Overview
Data warehouse design requires thoughtful architecture beyond simply consolidating data. The two most common frameworks are the Inmon and Kimball models, each with distinct approaches and trade-offs.
Inmon Model (Enterprise Data Warehouse)
The Inmon model, created by Bill Inmon, uses a top-down approach centered on an Enterprise Data Warehouse (EDW).
Core Structure:
- Central repository integrating data from all organizational operational systems
- Data stored in normalized form; EDW not queried directly
- Data feeds into departmental data marts filtered for specific needs
- Applications connect to departmental data marts rather than the EDW
Advantages:
- Single source of truth with standardized definitions agreed upon upfront
- Easier modeling since sources remain normalized throughout
- Supports any analysis by containing all organizational data
- Low redundancy due to normalized storage; minimal conflicting values
Disadvantages:
- Normalized form requires more joins and depths, resulting in slower query performance
- Slow startup time with significant upfront work required
- Combining data across departmental data marts can be difficult
- Top-down approach can be time-consuming for large, complex organizations
Kimball Model (Dimensional Data Warehouse)
The Kimball model, popularized by Ralph Kimball, uses a bottom-up approach with denormalized dimensional modeling.
Core Structure:
- Data denormalized into flat or dimensional models (star schemas)

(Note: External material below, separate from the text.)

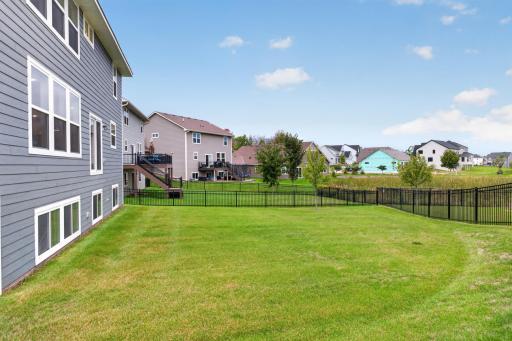 11008 Kingsview Lane N, Maple Grove, MN 55369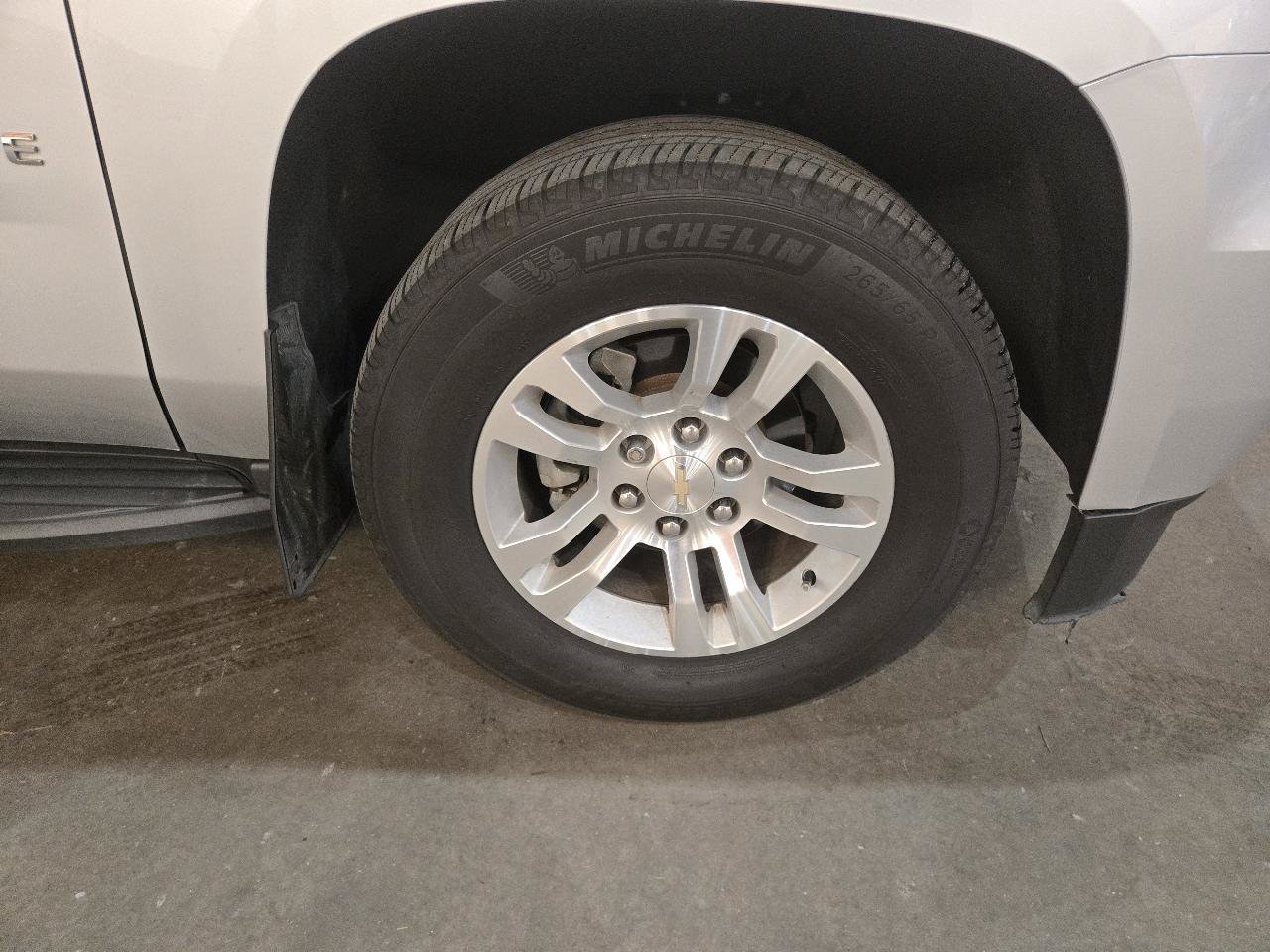 Used 2017 Chevrolet Tahoe LT RWD image 18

- Subject-specific data marts created first with measurable processes and attributes
- Multiple data marts connect via shared attributes to form the warehouse
- Ground-up approach: build one process at a time
Advantages:
- Rapid deployment of critical business processes for quick reporting
- Denormalized model makes data easy to consume for users
- Enables quick reporting and self-service capabilities
- Faster user adoption through incremental, visible progress
Disadvantages:
- Time-consuming ETL process to denormalize data into dimensional format
- Creates duplicate data across multiple data marts
- Dilutes single source of truth with potential conflicting data
- Requires ongoing development as new processes are introduced
Model Comparison
| Aspect | Inmon Model | Kimball Model |
|---|
| Approach | Top-down, enterprise-wide | Bottom-up, incremental |
| Data Storage | Normalized | Denormalized (star schema) |
| Initial Setup | Slow, high upfront work | Fast, iterative deployment |
| Query Performance | Slower (more joins required) | Faster (fewer joins) |
| Data Redundancy | Low | Higher (duplicate data) |
| Ongoing Work | Less after initial setup | Continuous development |
| User Accessibility | Requires data marts | Direct, easier consumption |
| Single Source of Truth | Strong | Potentially diluted |
Key Terms & Definitions
- Enterprise Data Warehouse (EDW): Central repository with standardized, integrated data from all operational systems
- Data Mart: Subset of data filtered for specific departmental or functional needs
- Normalized Form: Data organized to reduce redundancy through multiple related tables
- Dimensional Model/Star Schema: Denormalized structure with measurable facts connected to descriptive attributes
- Top-Down Approach: Starting with comprehensive enterprise view, then creating specific views
- Bottom-Up Approach: Building individual data marts first, then connecting them
Action Items / Next Steps
- Assess organizational environment and existing data structures before choosing architecture
- Consider hybrid approach combining both models' strengths
- Evaluate whether operational data store or previous warehouse exists
- Determine if critical business processes need rapid deployment (Kimball) or comprehensive integration needed first (Inmon)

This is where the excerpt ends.